What To Do With Your Extra Cabbage From St. Patty’s Day: Crunchy Baked Falafel Salad (or Sandwiches)


When I discovered that certain grocery stores sell celery by the stalk, it was a revelation. No longer would I have to purchase an entire bunch of celery just to make a recipe that called for one measly stalk. Someone was kind enough to apply the same idea to extra-large items like pumpkins and watermelons, which you can often find in plastic-wrapped halves or quarters, just in case, you know, you weren’t planning a blow-out party any time soon and were doubting your abilities to polish off 20 pounds of fruit before it went bad. Unfortunately, I’ve never seen cabbage treated the same way (maybe because it turns brown after you cut it, but still…). The only option is to get a whole head, and you’re left wondering what sort of crazy fertilizer everyone must be using because you swear the smallest head you can find is about the size and weight of a bowling ball.

So, when St. Patrick’s Day rolls around, after you’ve enjoyed a dinner of corned beef, cabbage, Guinness, soda bread, and pudding, what do you do with the rest of this forlorn cruciferous that’s taking up space in the produce bin like an unfinished beer left abandoned on the counter? Embrace spring and turn it into an essential part of your baked falafel salad, that’s what!

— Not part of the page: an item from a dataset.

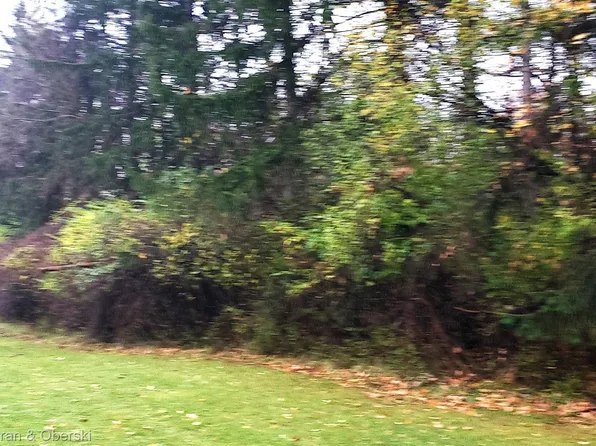 0 N Hix Rd, Westland, MI 48185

Whenever I go out to Lebanese or Middle Eastern restaurants, I can’t resist ordering some falafel, but I hardly ever make it at home because deep-frying isn’t something that makes the regular rotation in my house. I have tried some baked falafel recipes in the past, but they just weren’t as savory or crunchy as I wanted.

Chickpea flour and asafoetida.

So, I added a couple of inauthentic ingredients to mine: first, a spoonful of nutritional yeast, or “nooch”—even though it’s often used as a vegan cheese substitute and falafel never calls for cheese, I like the flavor it adds. I got mine from the bulk bins at Whole Foods; you can also find it online. Second: a pinch of asafoetida—also called Devil’s Dung, apparently, for how stinky it is. I had bought some from an Indian grocer a while ago, and it was indeed so smelly that I had to double-wrap the container in sealed bags to keep my husband from complaining about it every time we opened the pantry. It’s one of those odors that is 60% bad and 40% good—I honestly can’t do justice describing it. It’s like the smell of a sweaty workout after a meal that contained large quantities of garlic. I know, I know, that sounds so gross!  who would want to eat that? but just a pinch of it is delicious in falafel. Trust me.


Mmmm, a big bowl of beaten bean water!

To make the baked falafel nice and crunchy, I generously oiled the pan and pre-heated it in the oven. I also borrowed a technique from the crunchiest crab cakes I’ve ever made and double-coated the falafel with flour (chickpea flour, natch) and then a layer of fine breadcrumbs. Instead of egg whites in between the flour and breadcrumb layers, I used the drained liquid from the can of chickpeas, beaten until it was foamy. Yeah, did you know you can whip chickpea liquid like egg whites?? I recently discovered this, and it’s pretty amazing. Some sources I’ve read call it aquafaba, which is the fanciest name for ‘bean water’ that I’ve ever heard. Anyway, let’s not let nomenclature get in the way—asafoetida or Devil’s Dung, drained chickpea liquid or aquafaba, I’ll take it if it makes my food taste better.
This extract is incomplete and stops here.